Once a suitable seller has been identified, the wholesaler negotiates a contract giving him or her the right to buy the property. A wholesaling contract specifies the price and sets a mutually agreed-upon time limit that may be days or weeks. Crucially, it contains an assignment clause granting the wholesaler the right to transfer the right to purchase the property to another party.
Negotiating a wholesale contract requires making it clear that the wholesaler is not buying the property but will find another buyer. The wholesaler often needs to explain carefully to the seller how he or she is making money on the transaction.
After negotiating the contract, the wholesaler may a do a title search to ensure there are no other claims on the property. Then the wholesaler will present the deal to cash buyers. These are typically house flippers and rehabbers.

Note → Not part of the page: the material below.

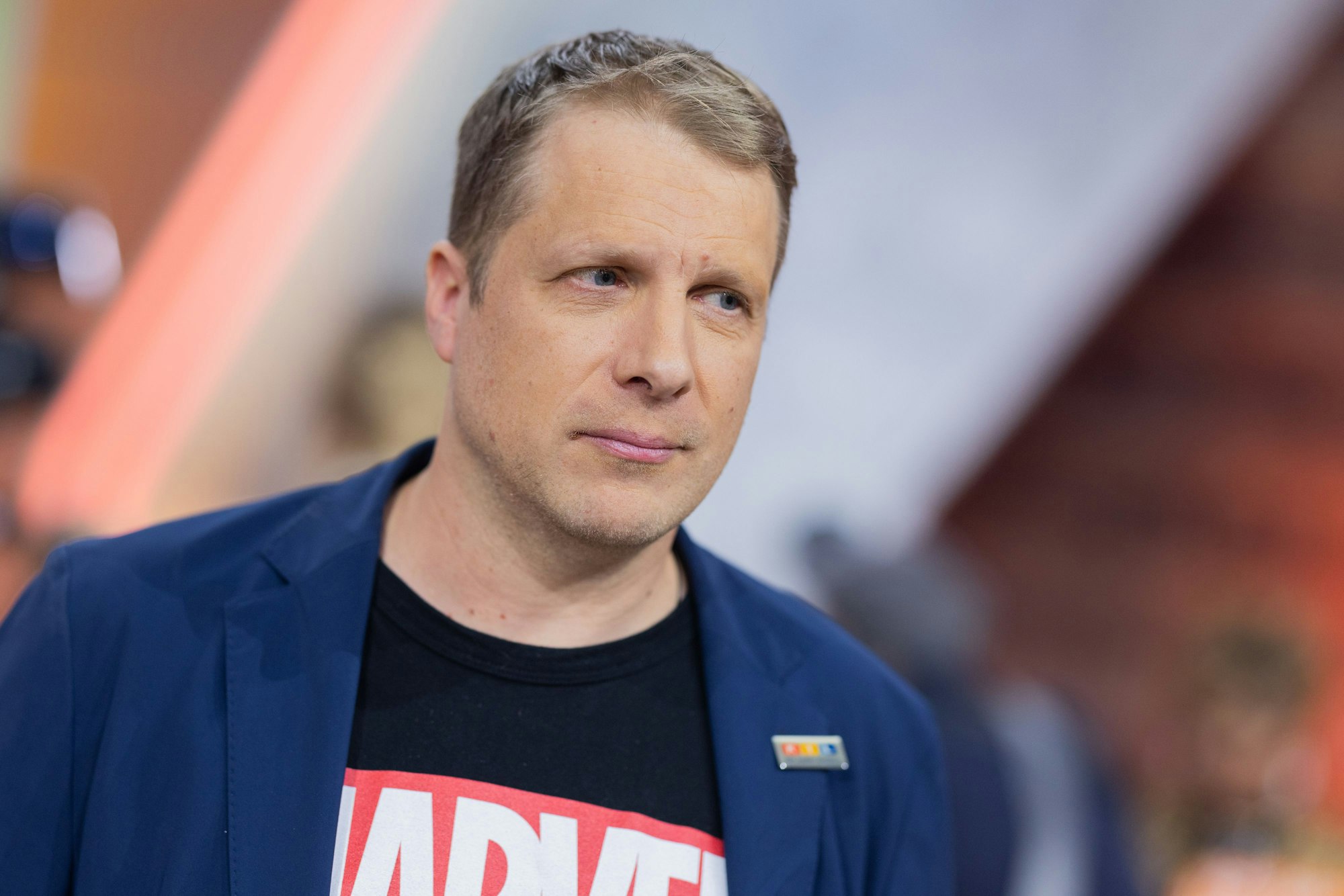 Oliver Pocher (hier im November 2024) trauert um seine Kollegin Wanda Perdelwitz, die bei einem tragischen Unfall ums Leben kam.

Having a list of cash buyers is vital to successful wholesaling. Wholesalers develop buyer contacts using advertising and networking. When the wholesaler finds a buyer who wants to acquire the property for a suitably higher price, he or she assigns the contract to the buyer. Then when the deal closes, the wholesaler pockets the difference.
A Case in Point
For example, a wholesaler’s Cragislist ad may draw an inquiry from someone who quickly needs to sell an older home in need of repairs. The wholesaler determines the home’s market value after repairs is $200,000.
The wholesaler negotiates an assignable contract to purchase the property for $160,000 and then finds a cash buyer who will pay $170,000.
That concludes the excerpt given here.